Vulnerability Disclosure Program
in1bank are committed to ensuring the security of our information, systems and services.
If you have discovered a security issue that you believe may affect the confidentiality, integrity or availability of our information, systems, or services, please submit a report to our security team using the process outlined below.
We treat all information regarding vulnerabilities as confidential and request that you do not publicly disclose, discuss or confirm the details of any suspected security issues.
安全漏洞举报计划
合壹银行致力于确保我们的信息、系统和服务的安全。
如果您发现任何可疑或有可能影响我行信息,系统或服务的保密性、完整性或可用性的安全问题,请按照以下流程向我们的安全团队提交报告。
所有有关安全漏洞的信息将视为机密并要求您务必避免公开披露、讨论或确认任何有关可疑安全问题的细节。
In scope
in1bank mobile banking app (iOS)
in1bank mobile banking app (Android)
in1bank.com.au
举报范围
合壹银行手机银行应用(苹果)
合壹银行手机银行应用(安卓)
合壹银行网站: in1bank.com.au
Out of scope
The following activities are strictly prohibited
Any use of automated scanning tools
Any attempt to modify or destroy information
Any physical attempts against in1bank property
Any attempts of a Denial of service (DoS)
Accessing or attempting to access accounts or information you are not authorised to
Sending or attempting to send unsolicited or unauthorised email or other type of message
Conducting social engineering (including phishing) of in1bank employees, contractors, customers or any other related party
Posting, transmitting, uploading, linking to, sending or storing malware that could impact our services, products or customers
Exfiltration, disclosure or use of any proprietary or confidential information or data of in1bank (including customer data) under any circumstances
Any attacks using stolen or breached credentials
Any activity or attempt to gain unauthorised access to in1bank software or systems in violation of law.
范围之外
合壹银行严禁以下活动
任何自动扫描工具的使用。
任何修改或销毁信息的企图。
任何对银行财产的实体攻击。
任何阻断服务攻击(DoS)的企图。
访问或试图访问任何未获授权的帐户或信息。
发送或试图发送任何未经请求或未经授权的电子邮件或其他类型的消息。
对合壹银行员工、承包商、客户或任何其他关联方进行社会工程攻击(包括网络钓鱼攻击)。
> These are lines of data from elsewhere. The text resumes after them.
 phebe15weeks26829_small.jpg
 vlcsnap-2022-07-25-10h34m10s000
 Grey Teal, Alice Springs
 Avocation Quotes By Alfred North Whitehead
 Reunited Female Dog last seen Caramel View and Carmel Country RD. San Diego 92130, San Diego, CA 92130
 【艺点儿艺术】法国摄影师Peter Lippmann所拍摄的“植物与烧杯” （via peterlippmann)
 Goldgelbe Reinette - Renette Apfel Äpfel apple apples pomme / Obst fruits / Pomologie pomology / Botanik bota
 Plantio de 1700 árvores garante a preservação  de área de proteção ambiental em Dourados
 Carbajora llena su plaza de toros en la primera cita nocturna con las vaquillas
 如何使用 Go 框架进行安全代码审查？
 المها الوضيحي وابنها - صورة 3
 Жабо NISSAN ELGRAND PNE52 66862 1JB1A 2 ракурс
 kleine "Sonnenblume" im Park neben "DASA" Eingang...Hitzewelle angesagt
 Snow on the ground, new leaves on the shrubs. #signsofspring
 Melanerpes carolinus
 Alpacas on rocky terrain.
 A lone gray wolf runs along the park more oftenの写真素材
发布、传输、上传、链接、发送或存储任何可能影响合壹银行服务、产品或客户的恶意软件。
在任何情况下窃取、披露或使用合壹银行的任何专有或机密信息或数据(包括客户数据)。
任何使用被盗或泄露凭证的攻击。
任何违反法律以获得未经授权访问合壹银行的软件或系统的活动或企图。
How to report a vulnerability
You can report suspected vulnerabilities to the in1bank Security Team by emailing vulnerability@in1bank.com.au
If you feel the email should be encrypted, our PGP key can be found below.
Download PGP key
To assist us in investigating your report, please include
Affected product or service, including affected URL(s)
Your name and contact information (if you do not wish to provide your personal information, you may contact us anonymously)
Date and time when the suspected vulnerability was discovered
IP address used when suspected vulnerability was discovered
Steps to reproduce the vulnerability
Once we received your disclosure report, you will receive confirmation from us within 24 hours.
We will use the disclosure information you provide to enhance the security of our systems.
We may also use the information in notifications to regulatory bodies, to comply with laws, and assist government or law enforcement agencies.
如何举报安全漏洞
您可以通过电子邮件 vulnerability@in1bank.com.au 以向合壹银行安全团队举报任何嫌疑的安全漏洞。
如果您希望使用加密电子邮件,我行的PGP密钥如下:下载PGP密钥
Download PGP key
为了协助我们调查你的报告,请在您的邮件中包括以下信息
受影响的产品或服务,包括受影响的URL
您的姓名和联系方式(如果您不希望提供您的个人信息,您可以匿名与我们联系)
发现可疑漏洞的日期和时间
发现可疑漏洞时使用的IP地址
重现漏洞的步骤
一旦我们收到您的举报报告,您将在24小时内收到我们的确认。
我们将使用您提供的信息来加强我们系统安全性。为了遵守法律及协助政府或执法机构,我行将保留相关机构发出通知时使用您所提供的信息的权利。